Table of Contents
What is a culture of learning? The Association for Talent Development (2023) says, “A culture of learning, or learning culture, is one in which employees continuously seek, share, and apply new knowledge and skills to improve individual and organizational performance.
How to Pursue A Culture of Learning
The importance of the pursuit and application of learning is expressed in organizational values. It permeates all aspects of organizational life.” Notice the focus on business in this definition. Senge (2006) talks about organizations “where people continually expand their capacity to create the results they truly desire, … and where people are continually learning how to learn together.”
For our purposes, let’s think about a culture of learning as a collection of mindsets, thinking habits, and skills that empower us to engage and collaborate in a self-regulated and sustained manner.
Leveraging Funds of Knowlege to Cultivate A Culture of Learning
This new culture of learning requires new networks to help with the support and fluidity required to foster learning today. Think about the academic and personal networks our students and educators are involved with. Consider the funds of knowledge that each group brings to the learning opportunity. These frame how we gather that information and tap into it to deepen the networks where learning occurs naturally.
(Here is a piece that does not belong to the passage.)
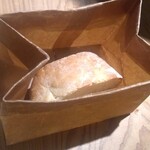 ビストロラドレ - パン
Funds of Knowledge are collections of knowledge based in cultural practices, work experience, or daily routine. It is the knowledge and expertise that students and their family members have because of their roles in their families, communities, and culture. Think about what academic learning occurs in social networks and vice versa.
While a multitude of elements comprises a culture of learning, a handful rises to the surface in conversations with educators: trust, mindset, empowerment, support, curiosity, intentionality, and practice; these elements empower students to transform into learners, as do habits of mind that foster a culture of learning. Namely, inquiry to challenge thinking, personal awareness and reflection, and infrastructures promoting practice.
Habits Created in a Culture of Learning
These elements and habits foster self-regulated learners. And they support the SEL competencies outlined by CASEL: self-awareness, self-management, social awareness, relationship skills, and responsible decision-making.
Richard Thaler and Cass Sunstein’s “nudge theory” (2008) shared that we can structure the environment by using choice architecture to encourage good choices. It matters when we take the feedback they provide and use it to adjust.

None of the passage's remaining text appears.